#### Work to be completed
Beginning with the line that holds "Bắt đầu Lễ di" in the data below, give again every line through the one that holds "et glamour dans", exactly as written.

#### Records for this exercise
==========

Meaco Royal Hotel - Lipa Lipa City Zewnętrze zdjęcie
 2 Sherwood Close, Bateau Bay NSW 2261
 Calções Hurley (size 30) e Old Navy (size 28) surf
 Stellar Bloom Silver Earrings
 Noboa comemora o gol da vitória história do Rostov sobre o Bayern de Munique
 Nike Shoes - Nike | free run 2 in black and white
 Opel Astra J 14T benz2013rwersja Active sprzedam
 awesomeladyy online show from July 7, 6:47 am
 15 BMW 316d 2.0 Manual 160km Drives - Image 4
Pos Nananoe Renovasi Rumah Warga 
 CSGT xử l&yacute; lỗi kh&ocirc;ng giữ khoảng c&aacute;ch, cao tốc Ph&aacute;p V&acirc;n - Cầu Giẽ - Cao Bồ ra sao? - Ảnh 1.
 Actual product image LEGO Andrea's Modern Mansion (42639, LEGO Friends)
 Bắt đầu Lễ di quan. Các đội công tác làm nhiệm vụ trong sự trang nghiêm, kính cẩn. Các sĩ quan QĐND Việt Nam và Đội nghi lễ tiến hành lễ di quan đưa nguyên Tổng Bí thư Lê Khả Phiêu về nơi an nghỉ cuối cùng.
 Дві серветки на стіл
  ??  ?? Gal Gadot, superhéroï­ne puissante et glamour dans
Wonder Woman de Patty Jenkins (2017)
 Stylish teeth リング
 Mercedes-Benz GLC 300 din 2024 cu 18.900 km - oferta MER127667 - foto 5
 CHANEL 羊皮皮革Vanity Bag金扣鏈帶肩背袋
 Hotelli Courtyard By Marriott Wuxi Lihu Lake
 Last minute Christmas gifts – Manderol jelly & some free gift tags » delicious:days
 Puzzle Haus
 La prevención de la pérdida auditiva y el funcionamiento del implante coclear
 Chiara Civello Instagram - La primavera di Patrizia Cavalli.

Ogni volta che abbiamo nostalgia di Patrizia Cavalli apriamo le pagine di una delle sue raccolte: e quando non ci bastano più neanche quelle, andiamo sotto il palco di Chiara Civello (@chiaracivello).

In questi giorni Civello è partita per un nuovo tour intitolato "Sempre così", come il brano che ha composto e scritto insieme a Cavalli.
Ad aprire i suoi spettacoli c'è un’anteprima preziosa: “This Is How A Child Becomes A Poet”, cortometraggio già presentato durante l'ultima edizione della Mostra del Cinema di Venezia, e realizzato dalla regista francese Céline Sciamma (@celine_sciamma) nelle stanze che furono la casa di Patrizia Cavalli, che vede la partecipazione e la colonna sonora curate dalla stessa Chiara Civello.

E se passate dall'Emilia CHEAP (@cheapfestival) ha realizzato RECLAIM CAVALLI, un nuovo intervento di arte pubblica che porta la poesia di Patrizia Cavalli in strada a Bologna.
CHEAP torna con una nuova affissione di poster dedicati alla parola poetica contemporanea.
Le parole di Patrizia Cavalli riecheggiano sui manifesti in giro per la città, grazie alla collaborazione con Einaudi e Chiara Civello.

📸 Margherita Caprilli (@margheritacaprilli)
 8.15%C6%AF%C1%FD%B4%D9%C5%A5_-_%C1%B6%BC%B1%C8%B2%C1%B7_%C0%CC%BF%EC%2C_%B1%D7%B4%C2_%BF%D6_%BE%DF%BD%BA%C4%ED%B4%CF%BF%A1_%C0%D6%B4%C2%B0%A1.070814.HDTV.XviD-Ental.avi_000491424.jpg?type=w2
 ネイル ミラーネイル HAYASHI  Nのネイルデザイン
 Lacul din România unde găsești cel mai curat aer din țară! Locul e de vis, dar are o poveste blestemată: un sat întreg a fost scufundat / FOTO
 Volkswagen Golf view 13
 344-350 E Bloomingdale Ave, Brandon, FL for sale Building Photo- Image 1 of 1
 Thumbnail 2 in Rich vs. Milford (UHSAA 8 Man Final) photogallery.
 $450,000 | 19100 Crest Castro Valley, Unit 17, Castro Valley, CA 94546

==========

#### Answer for this exercise
 Bắt đầu Lễ di quan. Các đội công tác làm nhiệm vụ trong sự trang nghiêm, kính cẩn. Các sĩ quan QĐND Việt Nam và Đội nghi lễ tiến hành lễ di quan đưa nguyên Tổng Bí thư Lê Khả Phiêu về nơi an nghỉ cuối cùng.
 Дві серветки на стіл
  ??  ?? Gal Gadot, superhéroï­ne puissante et glamour dans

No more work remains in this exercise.